Manuel "Manda" Cadwallader Elizalde Jr. (November 8, 1936 – May 3, 1997) was a Filipino entrepreneur. He was most known for claiming to discover a 'Stone-Age' tribe called the Tasadays which was later rumored as a hoax.

==Personal life==
Elizalde was born in Manila on November 8, 1936, to Manuel "Manolo" Elizalde Sr. and Mary Cadwallader.

He was married, but the couple later divorced.

==Tasaday alleged hoax==
In June 1971, Elizalde claimed to discover a primitive tribe untouched by civilization, who lived in caves and survived by hunting and gathering. The "Tasadays" were found in a forest in South Cotabato, Mindanao. The story gained traction in international media, some complimenting him as "a visionary idealist who cared more about the hard-pressed national minorities than about his family fortune".

However, all visits from foreign media and scholars were supervised by the Presidential Assistance on National Minorities (PANAMIN), which was led by Elizalde himself. Independent anthropologists were prohibited to enter the Tasaday reservation area, thus no scholarly papers were published on the Tasaday at that time.

It was only after the Marcos downfall that a Swiss journalist, Oswald Iten, entered the area and found the so-called Paleolithic tribe dressed in T-shirts and living in huts. Many other local and foreign anthropologists decried Elizalde's claims, calling it an elaborate hoax. Iten and journalist Joey Lozano reported the caves deserted and further claimed the Tasaday were simply members of other known local tribes who put on the appearance of living a Stone Age lifestyle under pressure from Elizalde. Many local tribesmen admitted to pretending to be Tasaday in order to gain funds, reputation, and other items.

==Other controversies==
Elizalde was regarded as a crony of former president and dictator Ferdinand Marcos.

He and his brother Fred J. Elizalde became involved in many businesses, such as mining, abaca farming, sugar centrals, tinplate manufacturing, paints, foods, distillery, real estate, rural banking, and agri-business. They both came into conflict with many of his laborers due to exploitation of sugar workers, refusing to pay livable wages and bonuses, and oppression of cultural minorities.
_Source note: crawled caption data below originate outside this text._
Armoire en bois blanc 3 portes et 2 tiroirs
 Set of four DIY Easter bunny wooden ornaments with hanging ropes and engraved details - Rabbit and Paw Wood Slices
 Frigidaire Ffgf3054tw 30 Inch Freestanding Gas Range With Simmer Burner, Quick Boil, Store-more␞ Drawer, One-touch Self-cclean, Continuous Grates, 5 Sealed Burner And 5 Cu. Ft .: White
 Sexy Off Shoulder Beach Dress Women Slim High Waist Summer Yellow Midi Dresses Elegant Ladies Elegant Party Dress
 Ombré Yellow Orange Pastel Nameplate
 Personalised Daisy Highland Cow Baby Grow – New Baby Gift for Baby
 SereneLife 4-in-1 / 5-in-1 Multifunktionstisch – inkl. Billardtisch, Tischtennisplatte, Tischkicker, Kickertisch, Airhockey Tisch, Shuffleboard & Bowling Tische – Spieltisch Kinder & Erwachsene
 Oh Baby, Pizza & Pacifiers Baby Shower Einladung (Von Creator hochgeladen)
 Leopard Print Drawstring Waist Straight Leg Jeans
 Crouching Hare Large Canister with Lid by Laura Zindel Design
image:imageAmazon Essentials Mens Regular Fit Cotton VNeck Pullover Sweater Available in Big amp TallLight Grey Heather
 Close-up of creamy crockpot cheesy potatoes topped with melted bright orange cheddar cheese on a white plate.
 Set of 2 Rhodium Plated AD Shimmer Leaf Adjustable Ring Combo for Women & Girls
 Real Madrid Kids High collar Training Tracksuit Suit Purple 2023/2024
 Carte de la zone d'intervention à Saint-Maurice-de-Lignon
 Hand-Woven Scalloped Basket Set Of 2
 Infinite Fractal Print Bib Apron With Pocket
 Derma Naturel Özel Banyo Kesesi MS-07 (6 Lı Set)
Elizalde was the chief executive of several steel companies, which were favored and accommodated by the Marcos regime through funding and guaranteed access to lucrative markets. He monopolized sales of tinplate, and raised prices at will, which rippled in the market with price increases. In one instance, Elizalde raised the price for tinplate by 17% in 1980, and threatened to increase it with another 7.5% unless the government continued to charge tax on imported raw materials.

==Death==
Elizalde died on May 3, 1997, of leukemia. His family did not disclose the cause of death.